Data items:
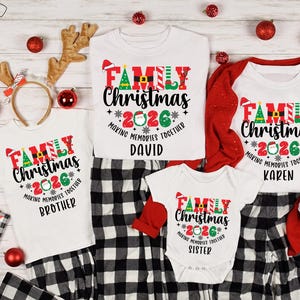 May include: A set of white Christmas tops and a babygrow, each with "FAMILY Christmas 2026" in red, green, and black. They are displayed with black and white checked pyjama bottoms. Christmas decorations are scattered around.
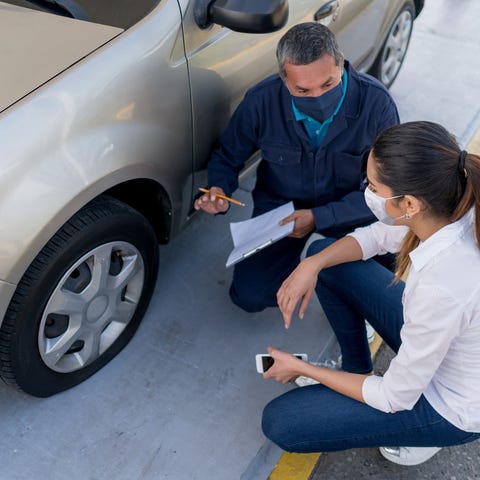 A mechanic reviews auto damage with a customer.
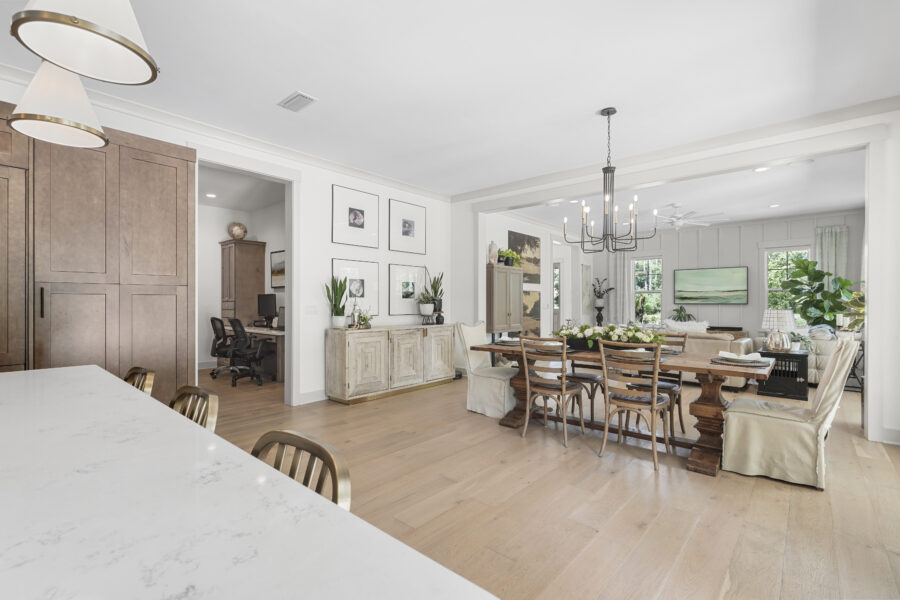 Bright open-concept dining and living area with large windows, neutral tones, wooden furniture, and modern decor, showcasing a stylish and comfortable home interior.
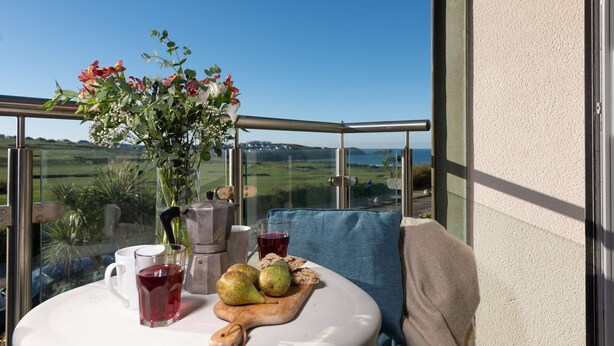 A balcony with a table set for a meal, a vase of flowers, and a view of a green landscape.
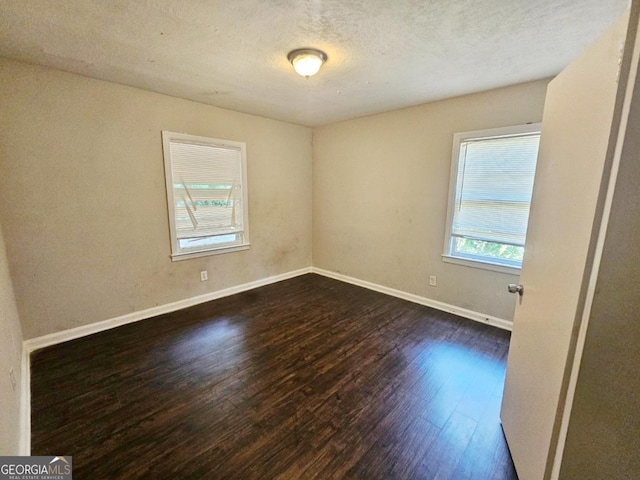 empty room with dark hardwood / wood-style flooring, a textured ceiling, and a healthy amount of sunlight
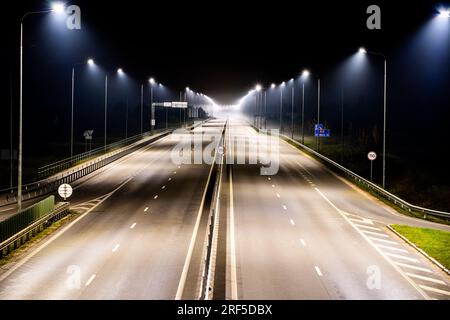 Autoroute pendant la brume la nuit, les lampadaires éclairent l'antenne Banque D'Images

_What to produce_:
Your copy of the records must match them exactly, except that no pictures appear in it.

_Final answer_:
 May include: A set of white Christmas tops and a babygrow, each with "FAMILY Christmas 2026" in red, green, and black. They are displayed with black and white checked pyjama bottoms. Christmas decorations are scattered around.
 A mechanic reviews auto damage with a customer.
 Bright open-concept dining and living area with large windows, neutral tones, wooden furniture, and modern decor, showcasing a stylish and comfortable home interior.
 A balcony with a table set for a meal, a vase of flowers, and a view of a green landscape.
 empty room with dark hardwood / wood-style flooring, a textured ceiling, and a healthy amount of sunlight
 Autoroute pendant la brume la nuit, les lampadaires éclairent l'antenne Banque D'Images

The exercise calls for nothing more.